Here is a graph showing the drop in values: 
Updated Algorithm
We can then use the pre-computed table, interpolating where necessary, to give us a Covariance value for our Multivariate Gaussian Distribution which will generate the desired Pearson Product Moment Correlation Value. So for example, if we would like to generate a sample with a Pearson Product Moment value of $0.5$, according to our table, we would need to use $0.517602$ as an input Covariance. We can test these values using the following code:
a <- library(MASS)
library(psych)
set.seed(100)
m <- 2
n <- 5000000
sigma <- matrix(c(1, 0.517602,
0.517602, 1),
nrow=2)
z <- mvrnorm(n,mu=rep(0, m),Sigma=sigma,empirical=T)
u <- pnorm(z)
cor(u,method='pearson')
Analytic Formulas I tried to find an analytic formula for the Product Moment values obtained in this manner, but I couldn't find anything online, and I also wasn't able to derive one myself. If we could find one, then instead of using the precompued table, we would be able to simply calculate the correct value.
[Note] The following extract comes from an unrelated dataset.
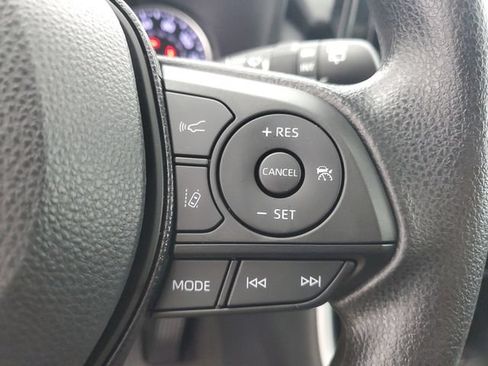 Used 2021 Toyota RAV4 XLE FWD image 24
While searching, I did come across a number of interesting analytic formulas linking the values of Kendall's Tau, Spearman's Rank, and the input Covariance.. All the formulas below are from Fang, Fang, Kotz (2002) Link to paper: www.sciencedirect.com/science/article/pii/S0047259X01920172 The paper gives the following two results, where $\rho$ is the Pearson's Product Moment
$$\tau = \frac{2}{\pi} arcsin ( \rho ) $$ $$ {\rho}_s = \frac{6}{\pi} arcsin ( \frac{\rho}{2} ) $$
We can then use these formulas to extend our method above further to calculate an input Covariance to give any desired Kendall Tau, or Spearman's Rank. I initially thought that they would link the Pearson Product Moment value with Kendall or Spearman's measure, in which case we would still have to use the precomputed table. After testing it I realised that it is actually linking the Covariance to Kendall and Spearman's measures. Thinking about it, Kendall's Tau, and Spearman's Rank are both invariant to the reverse Guassian transformation when moving from $z$ to $u$ in the algorithm. Therefore the problem of deriving an analytic formula for them is much simpler as one only has to link their values for a multivariate Guassian Distribution. Pearson's however does change, therefore it is a completely different problem and may not even have a closed form solution. As an example of how to use the above formula, suppose we'd like our generated data to have a Kendall's Tau of $0.4$. First we need to invert the Kendall's Tau formula: $$ \rho = sin ( \frac{ \tau \pi }{2} ) $$ We then plug in $\rho = 0.4 $ giving:
$$ \rho = sin ( \frac{ o.4 \pi }{2} ) = 0.587785 $$
Giving usan input Covariance value of $0.587785$
We can then test this value with the following R code:
a <- library(MASS)
library(psych)
set.seed(100)
m <- 2
n <- 50000
sigma <- matrix(c(1, 0.587785,
0.587785, 1),
nrow=2)
z <- mvrnorm(n,mu=rep(0, m),Sigma=sigma,empirical=T)
u <- pnorm(z)
cor(z,method='kendall')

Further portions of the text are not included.